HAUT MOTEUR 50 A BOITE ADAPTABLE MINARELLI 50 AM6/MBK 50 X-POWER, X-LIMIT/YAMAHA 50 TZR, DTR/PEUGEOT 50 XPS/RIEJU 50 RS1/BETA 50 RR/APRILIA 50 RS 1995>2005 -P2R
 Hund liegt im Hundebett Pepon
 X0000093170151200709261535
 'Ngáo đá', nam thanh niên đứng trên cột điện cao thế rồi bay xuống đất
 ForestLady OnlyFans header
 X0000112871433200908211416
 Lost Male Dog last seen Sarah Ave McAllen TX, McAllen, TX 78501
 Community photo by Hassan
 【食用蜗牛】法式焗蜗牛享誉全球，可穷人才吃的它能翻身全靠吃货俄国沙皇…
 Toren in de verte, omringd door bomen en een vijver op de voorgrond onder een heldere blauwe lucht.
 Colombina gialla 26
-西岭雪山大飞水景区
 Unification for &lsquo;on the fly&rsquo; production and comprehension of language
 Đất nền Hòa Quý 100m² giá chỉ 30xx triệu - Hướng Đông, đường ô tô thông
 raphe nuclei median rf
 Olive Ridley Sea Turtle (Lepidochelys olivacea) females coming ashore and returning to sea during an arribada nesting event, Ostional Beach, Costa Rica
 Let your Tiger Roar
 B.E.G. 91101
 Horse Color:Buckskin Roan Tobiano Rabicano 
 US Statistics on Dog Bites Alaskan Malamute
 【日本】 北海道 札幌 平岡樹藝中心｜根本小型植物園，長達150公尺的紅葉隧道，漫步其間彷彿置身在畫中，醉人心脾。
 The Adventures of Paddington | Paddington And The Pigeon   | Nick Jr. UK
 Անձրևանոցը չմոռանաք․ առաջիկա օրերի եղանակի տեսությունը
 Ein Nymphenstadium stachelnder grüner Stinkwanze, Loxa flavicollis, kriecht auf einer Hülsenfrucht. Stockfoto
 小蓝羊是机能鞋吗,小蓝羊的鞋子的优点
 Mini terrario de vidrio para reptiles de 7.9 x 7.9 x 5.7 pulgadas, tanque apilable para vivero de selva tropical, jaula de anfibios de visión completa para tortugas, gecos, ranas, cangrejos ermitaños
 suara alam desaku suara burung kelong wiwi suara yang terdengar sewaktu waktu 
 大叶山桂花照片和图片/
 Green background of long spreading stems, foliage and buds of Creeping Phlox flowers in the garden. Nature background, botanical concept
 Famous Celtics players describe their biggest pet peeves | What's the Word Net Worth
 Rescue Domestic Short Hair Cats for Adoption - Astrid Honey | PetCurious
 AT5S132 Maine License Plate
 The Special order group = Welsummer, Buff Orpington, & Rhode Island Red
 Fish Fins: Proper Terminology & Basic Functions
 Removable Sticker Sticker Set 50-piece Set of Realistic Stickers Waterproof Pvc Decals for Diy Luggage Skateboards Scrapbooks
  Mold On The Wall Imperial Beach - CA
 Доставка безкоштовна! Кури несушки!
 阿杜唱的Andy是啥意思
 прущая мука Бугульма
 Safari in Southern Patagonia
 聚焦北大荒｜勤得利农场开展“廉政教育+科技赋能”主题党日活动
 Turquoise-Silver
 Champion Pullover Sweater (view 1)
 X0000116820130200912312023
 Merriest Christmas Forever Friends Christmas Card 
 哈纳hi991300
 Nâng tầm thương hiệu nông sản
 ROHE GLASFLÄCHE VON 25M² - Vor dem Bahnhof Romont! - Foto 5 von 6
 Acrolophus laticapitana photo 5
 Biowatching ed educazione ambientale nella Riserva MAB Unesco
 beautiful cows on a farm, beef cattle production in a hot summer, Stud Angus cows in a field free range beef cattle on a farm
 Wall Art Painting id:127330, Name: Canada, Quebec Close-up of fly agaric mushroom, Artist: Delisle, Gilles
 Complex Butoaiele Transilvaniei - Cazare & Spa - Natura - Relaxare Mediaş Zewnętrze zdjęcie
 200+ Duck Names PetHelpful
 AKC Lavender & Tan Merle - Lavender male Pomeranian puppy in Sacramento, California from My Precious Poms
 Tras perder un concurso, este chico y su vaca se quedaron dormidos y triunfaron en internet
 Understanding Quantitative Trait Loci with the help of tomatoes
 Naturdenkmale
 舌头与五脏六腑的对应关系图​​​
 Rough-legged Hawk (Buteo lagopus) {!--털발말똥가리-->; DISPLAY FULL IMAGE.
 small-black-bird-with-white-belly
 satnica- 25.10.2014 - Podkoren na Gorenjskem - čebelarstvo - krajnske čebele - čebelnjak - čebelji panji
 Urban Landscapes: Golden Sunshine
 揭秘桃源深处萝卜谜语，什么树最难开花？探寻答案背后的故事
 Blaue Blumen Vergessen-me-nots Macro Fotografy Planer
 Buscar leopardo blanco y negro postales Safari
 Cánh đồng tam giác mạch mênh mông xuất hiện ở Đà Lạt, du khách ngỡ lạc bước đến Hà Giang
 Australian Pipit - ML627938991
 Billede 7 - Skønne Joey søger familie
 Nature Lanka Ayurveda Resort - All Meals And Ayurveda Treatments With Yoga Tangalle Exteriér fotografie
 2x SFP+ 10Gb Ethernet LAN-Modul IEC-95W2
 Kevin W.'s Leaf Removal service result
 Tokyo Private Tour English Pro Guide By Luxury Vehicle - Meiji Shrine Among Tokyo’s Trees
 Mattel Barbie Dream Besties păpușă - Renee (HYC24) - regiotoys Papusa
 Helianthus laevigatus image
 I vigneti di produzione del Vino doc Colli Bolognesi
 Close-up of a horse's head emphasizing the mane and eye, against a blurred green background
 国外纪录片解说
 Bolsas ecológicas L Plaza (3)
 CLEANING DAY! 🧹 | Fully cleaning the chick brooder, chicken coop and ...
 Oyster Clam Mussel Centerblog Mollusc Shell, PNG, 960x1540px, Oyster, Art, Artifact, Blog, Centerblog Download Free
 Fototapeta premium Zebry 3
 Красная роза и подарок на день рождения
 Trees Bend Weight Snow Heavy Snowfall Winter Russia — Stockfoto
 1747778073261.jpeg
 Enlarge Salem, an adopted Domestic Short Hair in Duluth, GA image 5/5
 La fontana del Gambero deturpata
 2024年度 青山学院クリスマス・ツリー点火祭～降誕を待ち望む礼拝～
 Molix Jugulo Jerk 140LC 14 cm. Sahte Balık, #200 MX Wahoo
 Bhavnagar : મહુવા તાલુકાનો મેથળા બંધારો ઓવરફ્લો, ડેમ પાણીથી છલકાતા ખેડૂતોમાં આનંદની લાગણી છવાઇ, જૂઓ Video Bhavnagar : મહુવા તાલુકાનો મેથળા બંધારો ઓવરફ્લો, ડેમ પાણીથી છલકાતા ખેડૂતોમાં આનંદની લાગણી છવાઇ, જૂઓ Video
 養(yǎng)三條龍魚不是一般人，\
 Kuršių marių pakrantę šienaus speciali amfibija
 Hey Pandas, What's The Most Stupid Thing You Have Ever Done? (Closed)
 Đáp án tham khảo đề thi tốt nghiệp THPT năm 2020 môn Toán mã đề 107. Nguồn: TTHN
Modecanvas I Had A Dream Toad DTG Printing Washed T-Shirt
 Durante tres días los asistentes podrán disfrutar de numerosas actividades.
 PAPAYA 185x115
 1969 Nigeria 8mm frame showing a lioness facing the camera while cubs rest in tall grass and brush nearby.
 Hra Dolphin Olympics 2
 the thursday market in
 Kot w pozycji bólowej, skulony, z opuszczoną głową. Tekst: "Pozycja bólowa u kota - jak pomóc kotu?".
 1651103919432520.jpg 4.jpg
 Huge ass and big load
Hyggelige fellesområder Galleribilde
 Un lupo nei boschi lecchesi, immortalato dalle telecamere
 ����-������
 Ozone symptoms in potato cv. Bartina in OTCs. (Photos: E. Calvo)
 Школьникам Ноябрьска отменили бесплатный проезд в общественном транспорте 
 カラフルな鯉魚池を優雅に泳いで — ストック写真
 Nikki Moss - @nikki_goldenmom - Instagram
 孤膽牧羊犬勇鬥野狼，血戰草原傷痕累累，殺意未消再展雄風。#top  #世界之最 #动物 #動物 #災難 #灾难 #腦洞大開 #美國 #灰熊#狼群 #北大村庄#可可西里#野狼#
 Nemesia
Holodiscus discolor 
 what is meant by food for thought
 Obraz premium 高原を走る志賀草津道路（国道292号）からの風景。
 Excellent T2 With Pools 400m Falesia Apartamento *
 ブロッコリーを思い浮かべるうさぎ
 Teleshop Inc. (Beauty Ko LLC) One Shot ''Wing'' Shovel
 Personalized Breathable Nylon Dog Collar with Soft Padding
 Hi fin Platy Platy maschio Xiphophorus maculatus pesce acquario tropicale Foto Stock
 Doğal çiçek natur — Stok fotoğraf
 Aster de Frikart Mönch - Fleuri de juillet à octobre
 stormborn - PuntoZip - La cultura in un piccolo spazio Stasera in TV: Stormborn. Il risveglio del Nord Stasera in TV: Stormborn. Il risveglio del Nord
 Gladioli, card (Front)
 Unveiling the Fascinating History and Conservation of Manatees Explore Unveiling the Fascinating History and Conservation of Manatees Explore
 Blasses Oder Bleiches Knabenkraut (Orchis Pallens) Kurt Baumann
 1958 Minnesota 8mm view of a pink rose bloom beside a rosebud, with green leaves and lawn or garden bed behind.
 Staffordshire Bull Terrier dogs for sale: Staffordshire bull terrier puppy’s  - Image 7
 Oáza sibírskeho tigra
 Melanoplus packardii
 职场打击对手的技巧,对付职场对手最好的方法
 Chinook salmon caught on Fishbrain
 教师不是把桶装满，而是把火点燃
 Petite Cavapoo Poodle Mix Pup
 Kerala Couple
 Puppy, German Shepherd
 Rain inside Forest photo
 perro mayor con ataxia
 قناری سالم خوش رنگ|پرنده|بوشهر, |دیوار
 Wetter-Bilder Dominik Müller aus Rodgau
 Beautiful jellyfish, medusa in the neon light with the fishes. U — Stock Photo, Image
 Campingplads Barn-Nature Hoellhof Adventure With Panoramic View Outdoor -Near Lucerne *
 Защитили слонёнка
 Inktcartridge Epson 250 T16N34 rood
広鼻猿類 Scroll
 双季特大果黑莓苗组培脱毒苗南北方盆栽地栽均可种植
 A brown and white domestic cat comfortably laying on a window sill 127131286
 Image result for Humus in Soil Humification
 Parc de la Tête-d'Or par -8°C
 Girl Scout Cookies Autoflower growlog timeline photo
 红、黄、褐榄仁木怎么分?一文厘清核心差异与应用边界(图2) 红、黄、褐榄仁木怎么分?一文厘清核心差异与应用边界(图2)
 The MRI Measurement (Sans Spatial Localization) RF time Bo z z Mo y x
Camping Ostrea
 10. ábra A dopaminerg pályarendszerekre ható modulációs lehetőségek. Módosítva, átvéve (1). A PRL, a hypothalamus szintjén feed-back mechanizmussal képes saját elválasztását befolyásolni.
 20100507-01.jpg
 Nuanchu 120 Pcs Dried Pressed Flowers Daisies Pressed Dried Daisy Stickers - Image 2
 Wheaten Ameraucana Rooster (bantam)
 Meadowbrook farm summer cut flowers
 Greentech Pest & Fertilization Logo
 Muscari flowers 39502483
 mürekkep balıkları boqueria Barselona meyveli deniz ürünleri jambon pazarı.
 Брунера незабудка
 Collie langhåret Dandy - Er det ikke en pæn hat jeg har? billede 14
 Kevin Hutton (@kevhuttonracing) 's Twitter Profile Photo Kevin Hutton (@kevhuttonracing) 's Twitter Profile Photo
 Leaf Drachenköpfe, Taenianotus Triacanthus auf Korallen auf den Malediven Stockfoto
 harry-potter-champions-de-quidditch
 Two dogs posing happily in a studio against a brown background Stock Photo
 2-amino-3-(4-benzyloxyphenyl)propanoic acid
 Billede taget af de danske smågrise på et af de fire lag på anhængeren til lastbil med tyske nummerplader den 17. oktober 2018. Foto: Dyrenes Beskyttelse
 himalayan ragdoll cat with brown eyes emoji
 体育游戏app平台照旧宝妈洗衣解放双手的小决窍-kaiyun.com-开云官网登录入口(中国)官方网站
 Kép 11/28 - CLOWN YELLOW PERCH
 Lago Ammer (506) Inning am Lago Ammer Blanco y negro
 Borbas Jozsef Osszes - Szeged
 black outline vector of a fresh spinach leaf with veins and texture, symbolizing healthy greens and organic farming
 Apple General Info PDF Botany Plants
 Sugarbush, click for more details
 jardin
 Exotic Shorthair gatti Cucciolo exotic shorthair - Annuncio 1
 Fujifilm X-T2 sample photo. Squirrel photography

» Action item: Each line in the data that holds the string "Dream" must be returned.

» Result:
 Mattel Barbie Dream Besties păpușă - Renee (HYC24) - regiotoys Papusa
Modecanvas I Had A Dream Toad DTG Printing Washed T-Shirt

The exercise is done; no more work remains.